The rate of suicide in civilians13 and the military14 has increased in recent years, and people are now more likely to die by suicide than by motor vehicle accidents.15 In civilians, researchers have reported that suicide rates have increased in dozens of countries in relation to the worldwide economic crisis.16–18 Men are much more likely to complete suicide than women (27.3 vs 8.1/100 000 in the USA in 2010), and the rates of suicide in men and women were significantly higher in 2010 compared to 1999.13 Men in their 50s had the greatest increase in suicide rates compared to other age groups, and white men (34.2/100 000 in 2010) are much more likely to complete suicide than African–American (11.4/100 000) or Hispanic men (12.1/100 00013).
At present, there are no published studies that deal directly with the causal connection between CTE and suicide. Researchers concluded that the neuropathology of CTE caused suicidality in the initial autopsy studies, but those conclusions were premature because they were based on a small number of individuals who completed suicide. In the recently published large case series (N=85), 3 of the 33 NFL players within that series completed suicide.19 An additional 10 of 52 former athletes completed suicide, and 6 of these 10 did not have the neuropathological features of CTE. Three of the four with CTE had stage I or stage II neuropathology (out of 4 stages of increasing severity).
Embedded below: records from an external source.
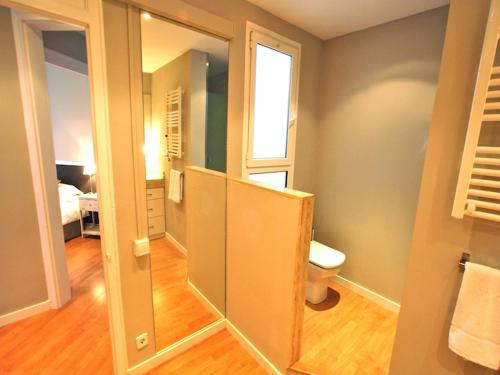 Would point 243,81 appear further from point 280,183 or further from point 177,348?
point 177,348

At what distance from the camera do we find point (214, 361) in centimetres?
180

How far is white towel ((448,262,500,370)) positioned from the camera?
93 cm

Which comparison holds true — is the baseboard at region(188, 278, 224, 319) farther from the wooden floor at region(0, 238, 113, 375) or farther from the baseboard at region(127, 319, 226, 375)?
the wooden floor at region(0, 238, 113, 375)

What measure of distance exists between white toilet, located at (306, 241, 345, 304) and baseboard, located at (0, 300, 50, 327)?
2438 millimetres

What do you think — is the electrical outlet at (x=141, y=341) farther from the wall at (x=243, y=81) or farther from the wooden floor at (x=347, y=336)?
the wall at (x=243, y=81)

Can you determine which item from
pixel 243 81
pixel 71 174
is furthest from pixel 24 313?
pixel 243 81

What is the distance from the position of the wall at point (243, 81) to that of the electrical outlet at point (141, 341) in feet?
4.23

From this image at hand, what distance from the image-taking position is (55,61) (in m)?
2.36

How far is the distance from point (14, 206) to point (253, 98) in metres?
2.13

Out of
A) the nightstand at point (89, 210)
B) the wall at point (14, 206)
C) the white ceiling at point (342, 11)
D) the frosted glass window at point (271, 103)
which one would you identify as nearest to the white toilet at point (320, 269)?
the frosted glass window at point (271, 103)

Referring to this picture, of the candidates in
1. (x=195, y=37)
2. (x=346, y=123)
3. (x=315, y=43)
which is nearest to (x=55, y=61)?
(x=195, y=37)

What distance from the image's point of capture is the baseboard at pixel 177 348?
1.68 metres

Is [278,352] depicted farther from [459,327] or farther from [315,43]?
[315,43]

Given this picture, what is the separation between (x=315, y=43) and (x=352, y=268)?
233cm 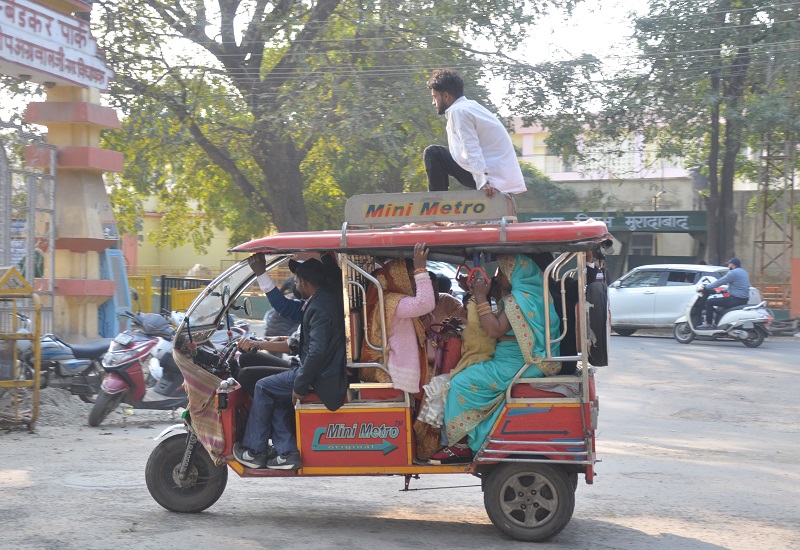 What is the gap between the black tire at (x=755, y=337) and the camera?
1797 cm

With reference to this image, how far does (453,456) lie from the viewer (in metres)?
5.72

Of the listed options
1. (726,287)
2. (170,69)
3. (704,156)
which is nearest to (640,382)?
(726,287)

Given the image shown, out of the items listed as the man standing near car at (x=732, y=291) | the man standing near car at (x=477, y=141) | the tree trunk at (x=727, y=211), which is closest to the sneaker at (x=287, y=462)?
the man standing near car at (x=477, y=141)

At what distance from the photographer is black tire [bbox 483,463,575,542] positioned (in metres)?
5.44

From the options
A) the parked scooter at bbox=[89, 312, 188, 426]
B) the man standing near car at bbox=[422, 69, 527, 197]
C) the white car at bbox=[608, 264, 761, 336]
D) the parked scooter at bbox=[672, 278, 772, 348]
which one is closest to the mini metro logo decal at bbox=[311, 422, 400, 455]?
the man standing near car at bbox=[422, 69, 527, 197]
At present, there is insufficient scientific evidence to conclude that there is a causal relationship between the presence of these proteinopathies and suicide in former athletes. The relevant research has simply not been performed. Several studies have been published, however, that are directly and indirectly related to this issue. Most directly and importantly, a large-scale retrospective epidemiological study of retired NFL players was undertaken to examine death rates associated with cardiovascular disease.20 Suicide was not a formal part of this study, but data on death by suicide were presented (‘intentional self-harm,’ see table 2 in the original article). Former NFL players were less likely to die by suicide than men in the general population. There were only nine reported case of suicide between 1960 and 2007. Therefore, according to the only published epidemiological data until now, NFL players are at decreased risk, not increased risk, for completed suicide relative to the general population.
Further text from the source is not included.